Signature Bank and First Republic Bank: Collateral damage
The failure of Silicon Valley Bank had a domino effect on other banks that were exposed to similar risks or had business ties with it. Signature Bank (SBNY), a New York-based bank that also focused on serving tech companies and high-net-worth individuals, was among the hardest hit. It had lent more than $10 billion to Silicon Valley Bank's clients and held more than $15 billion of securities that lost value due to rising interest rates.

As news of Silicon Valley Bank's collapse spread, Signature Bank's customers also rushed to withdraw their money, fearing that their deposits were not safe. The bank tried to reassure them by announcing that it had enough capital and liquidity to withstand the shock, but it was too late.
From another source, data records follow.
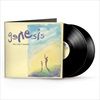 We-Cant-Dance2018-Remaster-21-Vinyl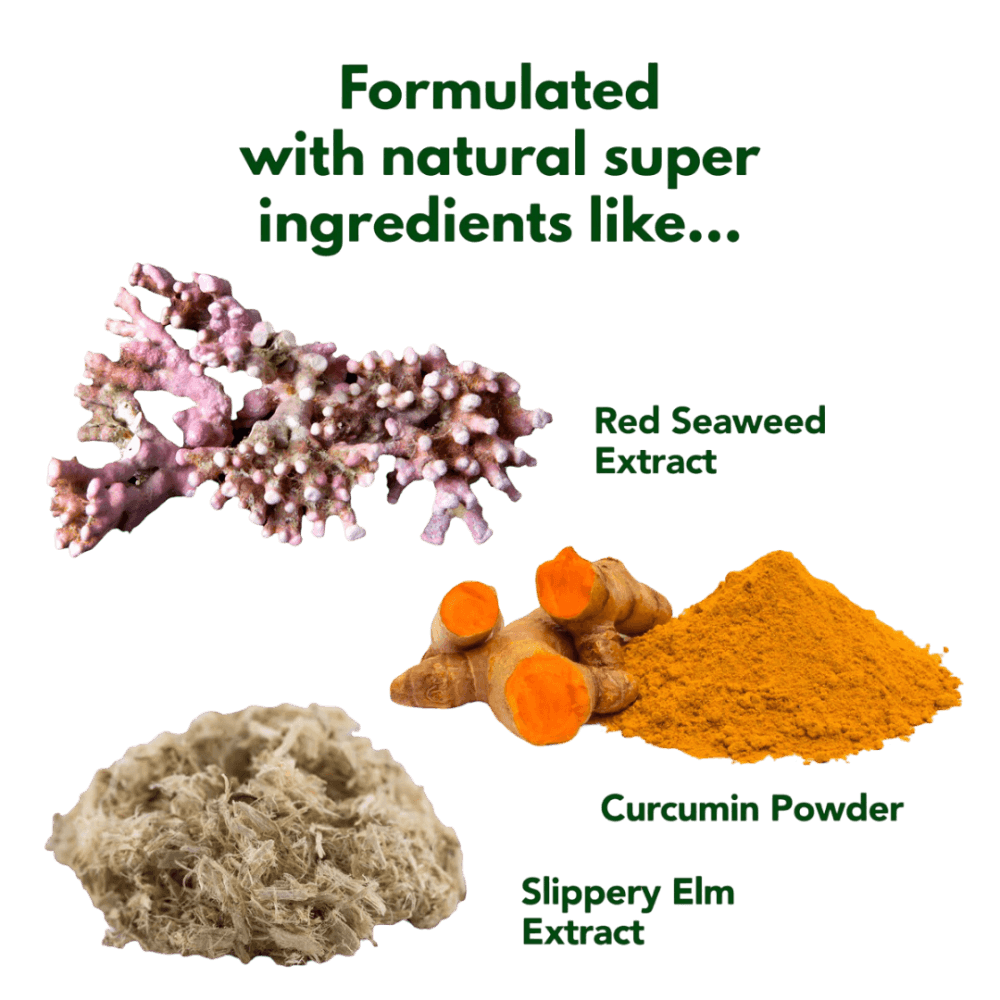 digest-and-protect-complete-digestive-support-horse-supplement INGREDIENTS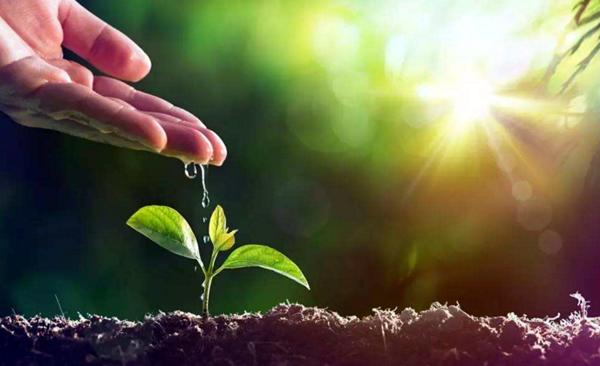 牛糞堆肥發酵的操作方法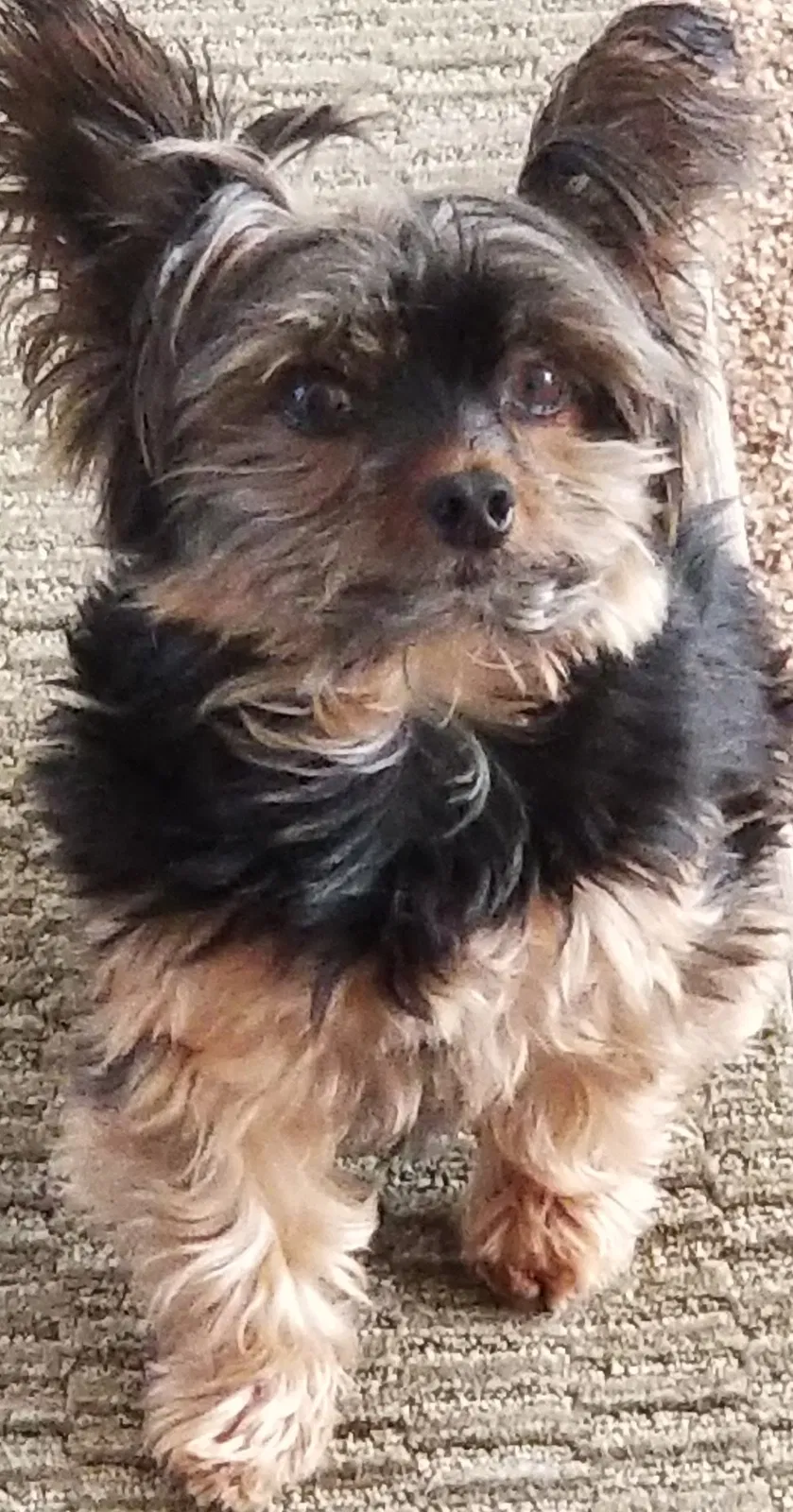 Lost dog in Palm Bay, FL, 32907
On March 15, 2023, Signature Bank ran out of cash and was seized by the FDIC, which sold its assets to JPMorgan Chase (JPM), another giant US bank.

Another casualty of the crisis was First Republic Bank (FRC), a San Francisco-based bank that specialized in providing private banking and wealth management services to affluent clients. It had a large exposure to Silicon Valley Bank's deposits, which it used as a source of funding for its loans and investments. When Silicon Valley Bank failed, First Republic Bank lost access to this funding and faced a liquidity crunch.

Unlike Signature Bank, however, First Republic Bank managed to survive with the help of a government bailout. On March 17, 2023, the Federal Reserve announced that it would provide a $30 billion emergency loan to First Republic Bank through its discount window facility, which allows banks to borrow money at a low interest rate in times of stress. The Fed also said that it would buy some of First Republic Bank's securities to ease its balance sheet pressure.

Credit Suisse: A close call
The US banking crisis also had spillover effects on European banks that had exposure to Silicon Valley Bank or its clients. The most affected was Credit Suisse (CS), a Swiss bank that had been struggling with various scandals and losses in recent years.